I would not want dogs of any size brought to comfort or console me. I know that Americans think dogs are the greatest thing in the universe for absolutely everything, but there are still a few people out there who just don't want them around and would not find their presence at all helpful. There are also those that are allergic.

PDilemma,

Like you, I have always been very afraid of dogs. I still am. It's possible that even a trained therapy dog would scare me. However, I know that those dogs bring great comfort to many. Most children LOVE dogs, of any size. I think it's wonderful that they were brought in after the tragedy.

Sparks
12-19-2012, 05:44 PM
If you're afriad of dogs, you can walk away.

BlueRidge
12-19-2012, 05:45 PM
Going back to the Asperger's discussion, I just came across this:


Dr. Ami Klin, an expert on autism at the Emory University School of Medicine in Atlanta, said that any tie between the Newtown shootings and Asperger’s or autism “is an enormous disservice” to those whose lives are affected by these developmental disorders, which should not be confused with mental illness.

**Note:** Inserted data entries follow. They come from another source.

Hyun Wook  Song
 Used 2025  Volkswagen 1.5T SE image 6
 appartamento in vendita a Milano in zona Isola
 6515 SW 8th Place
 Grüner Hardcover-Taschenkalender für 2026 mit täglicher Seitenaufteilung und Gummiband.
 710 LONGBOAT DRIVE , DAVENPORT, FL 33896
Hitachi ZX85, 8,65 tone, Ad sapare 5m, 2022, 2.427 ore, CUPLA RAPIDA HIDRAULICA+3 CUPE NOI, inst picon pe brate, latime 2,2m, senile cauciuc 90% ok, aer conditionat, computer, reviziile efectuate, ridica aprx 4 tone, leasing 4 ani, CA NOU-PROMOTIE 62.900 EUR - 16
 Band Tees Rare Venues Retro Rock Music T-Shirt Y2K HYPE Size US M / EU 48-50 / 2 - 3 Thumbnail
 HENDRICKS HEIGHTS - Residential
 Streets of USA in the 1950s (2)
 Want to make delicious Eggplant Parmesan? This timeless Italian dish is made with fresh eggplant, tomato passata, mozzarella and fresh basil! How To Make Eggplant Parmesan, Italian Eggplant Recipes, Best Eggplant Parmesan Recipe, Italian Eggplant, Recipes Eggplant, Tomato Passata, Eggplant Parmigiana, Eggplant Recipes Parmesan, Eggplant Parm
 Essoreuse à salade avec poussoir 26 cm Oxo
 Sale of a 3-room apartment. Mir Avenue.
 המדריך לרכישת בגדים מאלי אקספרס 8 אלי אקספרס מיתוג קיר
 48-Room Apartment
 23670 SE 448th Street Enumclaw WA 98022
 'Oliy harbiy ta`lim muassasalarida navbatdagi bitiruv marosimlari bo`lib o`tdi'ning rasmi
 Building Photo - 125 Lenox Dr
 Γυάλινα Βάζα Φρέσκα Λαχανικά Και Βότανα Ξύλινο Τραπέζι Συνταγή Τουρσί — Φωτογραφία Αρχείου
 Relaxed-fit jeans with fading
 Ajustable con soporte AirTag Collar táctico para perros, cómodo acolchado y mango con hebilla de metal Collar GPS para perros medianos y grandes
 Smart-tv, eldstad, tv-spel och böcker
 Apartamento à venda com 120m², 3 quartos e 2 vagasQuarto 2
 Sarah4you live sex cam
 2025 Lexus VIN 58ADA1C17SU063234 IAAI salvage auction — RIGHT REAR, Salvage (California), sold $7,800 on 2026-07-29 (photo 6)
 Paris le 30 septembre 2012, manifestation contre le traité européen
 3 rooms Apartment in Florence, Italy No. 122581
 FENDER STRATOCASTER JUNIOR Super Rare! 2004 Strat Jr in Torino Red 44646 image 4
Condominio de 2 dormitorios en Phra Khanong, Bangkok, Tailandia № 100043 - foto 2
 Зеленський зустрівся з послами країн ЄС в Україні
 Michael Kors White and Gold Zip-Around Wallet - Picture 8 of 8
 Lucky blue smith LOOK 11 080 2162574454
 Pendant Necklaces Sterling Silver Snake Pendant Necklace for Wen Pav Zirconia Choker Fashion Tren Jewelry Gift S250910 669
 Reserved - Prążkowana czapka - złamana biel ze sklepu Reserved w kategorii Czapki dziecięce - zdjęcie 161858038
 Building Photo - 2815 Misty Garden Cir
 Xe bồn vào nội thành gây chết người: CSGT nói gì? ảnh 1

“Any human condition can coexist with violence,” he said, but no correlation should be drawn.

In fact, he said, those with Asperger’s “are much more likely to be victims rather than victimizers.”

“This is not about autism,” Dr. Klin said. “It’s about mental illness and guns that those with mental illness should have no access to.”

As I read this, it sounds strongly stigmatizing of individuals with mental illness and it seems odd that someone concerned about that regarding Asperger's/Autism Spectrum disorders would not be aware of how it sounds.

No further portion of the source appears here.